O Banco Central (BC) divulgou há poucos dias o seu relatório mensal com a atualização das informações de política fiscal. Com a publicação deste boletim mais recente, é possível realizarmos a consolidação das informações para os 12 meses do ano passado. Em dezembro foram gastos R$ 96 bilhões com a rubrica de juros da dívida pública. Ainda que não tenha sido um recorde na série histórica mensal, o montante é muito alto e ocupa o segundo lugar no quesito, só sendo ultrapassado pelos R$ 111 bi ocorridos dois meses antes, em outubro. Esse valor representa um crescimento de 51% em relação ao realizado em dezembro de 2023.

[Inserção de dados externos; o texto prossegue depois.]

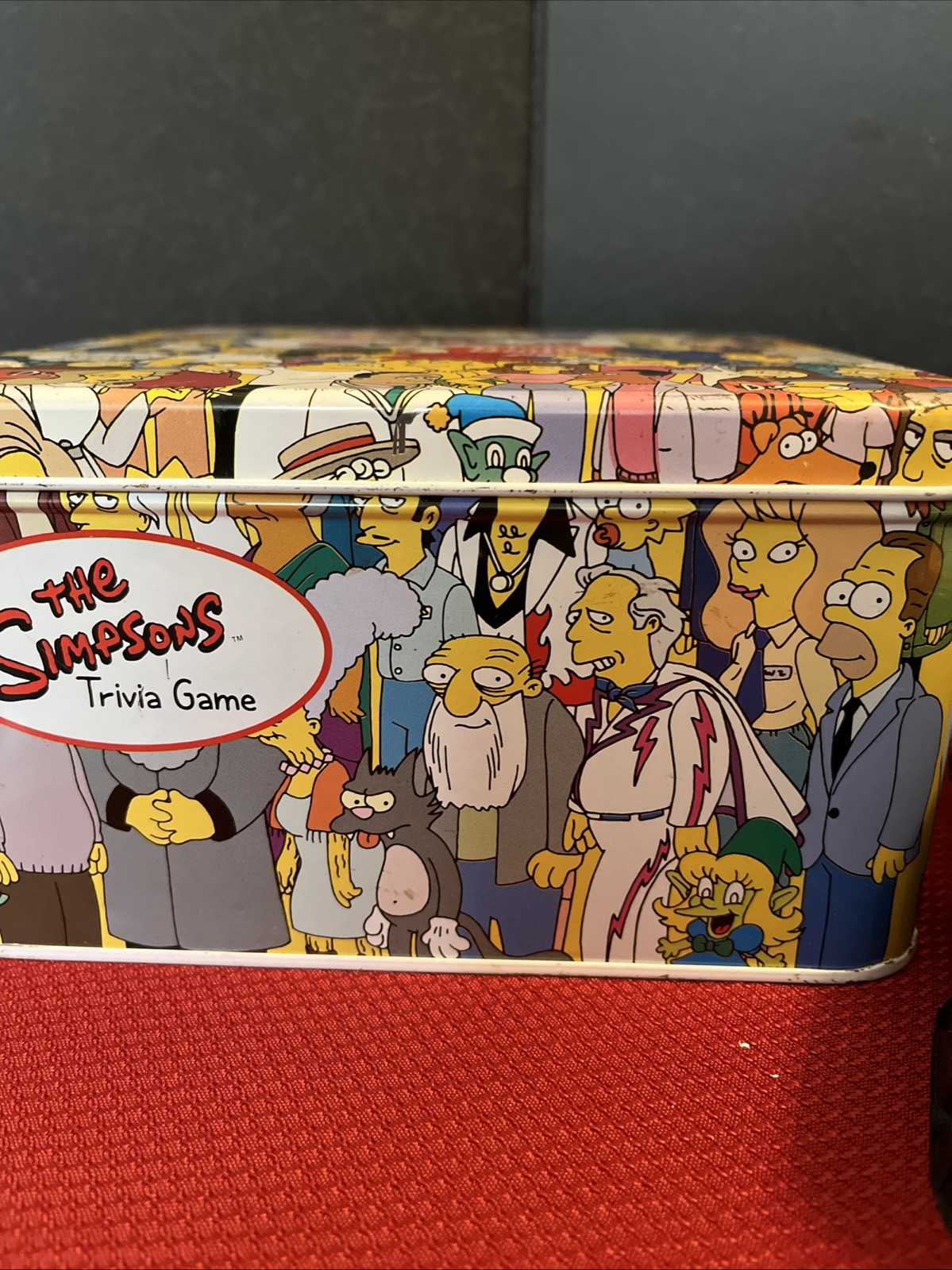 2000 The Simpsons Trivia Game in Collector Tin Complete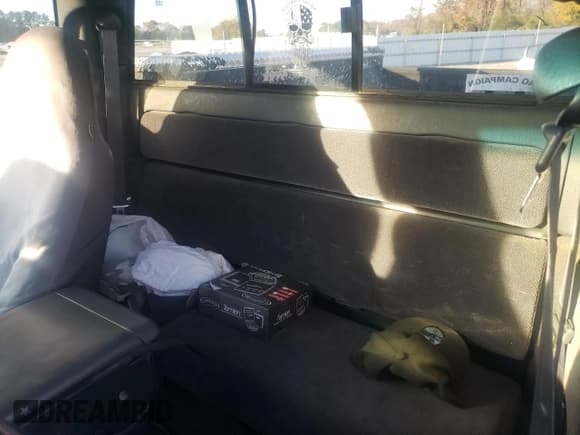 ✅ 2000 Dodge Dakota Sport • VIN: 1B7GG22N1YS574461 • Lot: 82400534. Wystawiony na Copart z przebiegiem 196 641 mil. Bezpłatny archiwum sprzedaży aukcyjnych z USA i szczegółowy raport historii pojazdu na DreamBid. Zdjęcie 10.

Juros: nunca antes na História deste país

Para não ficarmos apenas nas variações comparativas entre períodos de apenas 30 dias, talvez seja interessante ampliar o espaço analisado. Se considerarmos o último trimestre, por exemplo, percebemos que as despesas com juros atingiram o total de R$ 300 bi apenas para o período entre outubro e dezembro do ano passado. Esse total representa uma elevação de 77% na comparação com os R$ 169 bi que ocorreram para o mesmo período de 2023. Não existe nenhum outro tipo de variável de gasto público federal que tenha alcançado tal majoração.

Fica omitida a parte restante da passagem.